Whether you are a member of the Pepsi generation or are in the mood for a can of the "Real Thing," it's going to cost you more in some major American cities. These municipalities have enacted a "soda tax," adding one to two cents per ounce to the cost of a variety of drinks in order to discourage people from drinking high calorie beverages. Here is the list of places that do not want to make it easy for you to "Do the Dew":
- Berkeley, California
- Albany, California
- Oakland, California
- San Francisco, California
- Chicago/Cook County, Illinois
- Philadelphia, Pennsylvania
- Boulder, Colorado
- Seattle, Washington
The sales tax is actually aimed at more than soda. It targets any drink with a high sugar content, which includes sports energy drinks and fruit punch. The proponents of the tax make no secret of the fact that their goal is social engineering. The idea is to discourage people from drinking beverages full of sugar -- artificial or real -- to reduce levels of obesity, diabetes, and similar illnesses.

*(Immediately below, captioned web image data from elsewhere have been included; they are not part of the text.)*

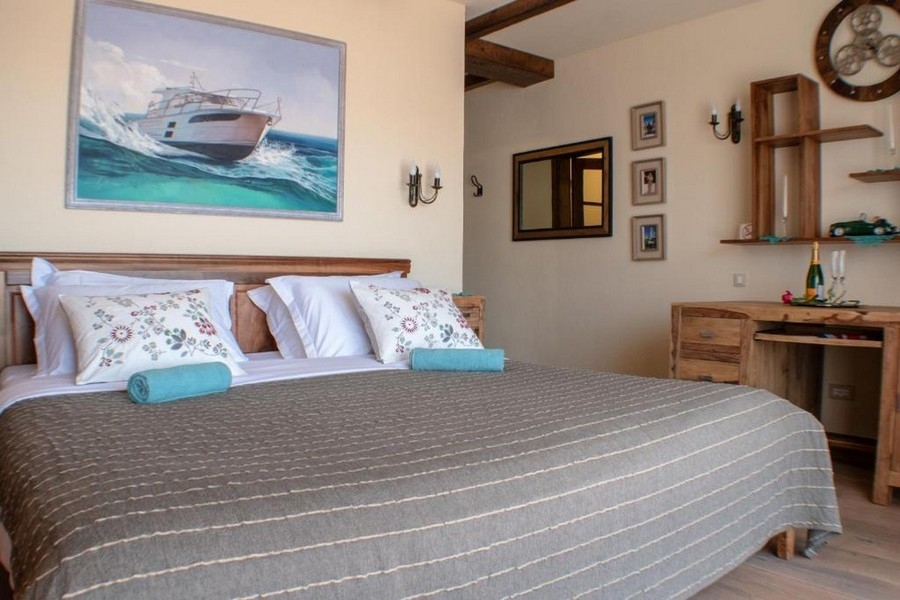 Bedroom with double bed and maritime picture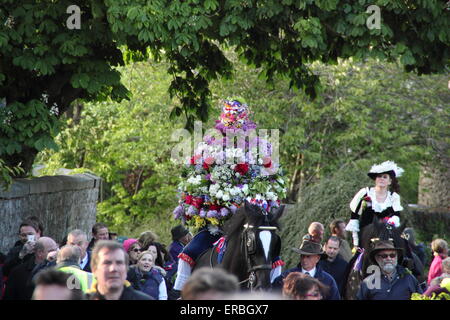 Indossa un copricapo floreale, la ghirlanda re e la sua consorte ride through Castleton per celebrare la quercia giorno Apple, Peak District UK Foto Stock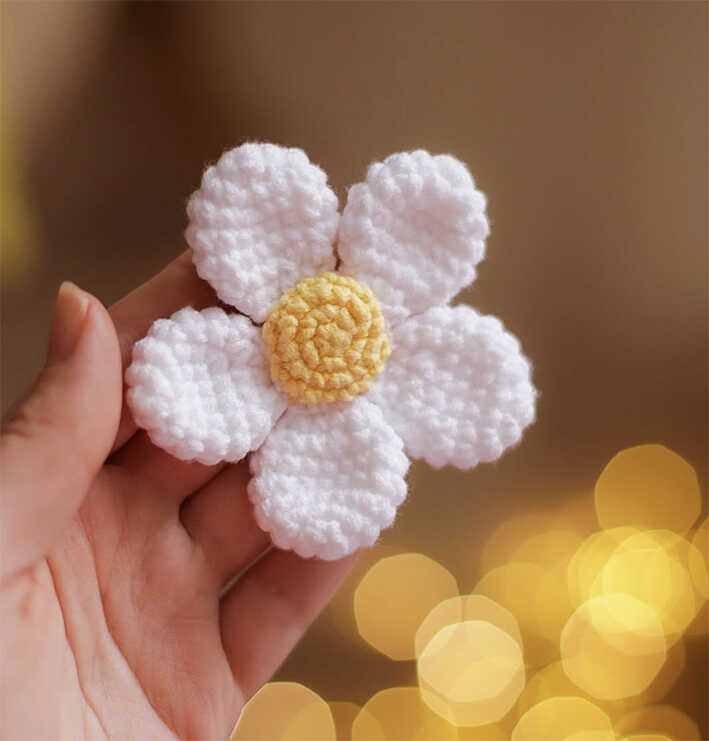 small crochet daisy flower amigurumi held in hand cute handmade easter decoration toy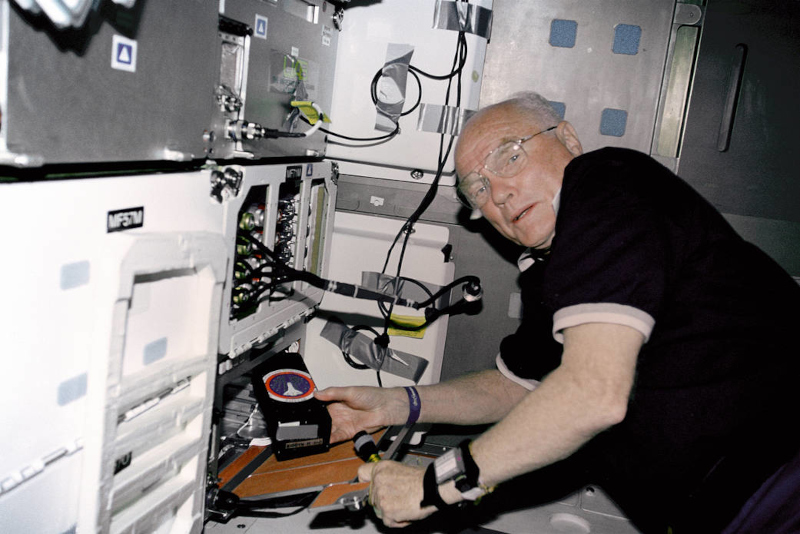 Glenn looks towards the camera as he works on an experiment aboard STS-95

Although these soda taxes are relatively new, two things are already clear. First, the tax, while seemingly small, adds up fast. The 12-pack you buy for your next party is going to cost you two dollars more simply because of the tax. Need a case of Gatorade in Seattle? One that cost $15.99 on December 31, 2017, now costs $26.33, 64 percent more. Secondly, the tax has disproportionately affected many poor people who don't have cars and/or can't afford to drive over the city line to buy soft drinks in a neighboring county that doesn't impose the tax. On the other hand, those that have the means simply buy their soda elsewhere, not only defeating the purpose of the tax but causing problems in their own communities by spending money farther from home and thus driving down demand (and sales) in their own neighborhoods. Whatever the solution to making Americans healthier might be, it's far from clear that taxing sugary drinks should be part of the mix.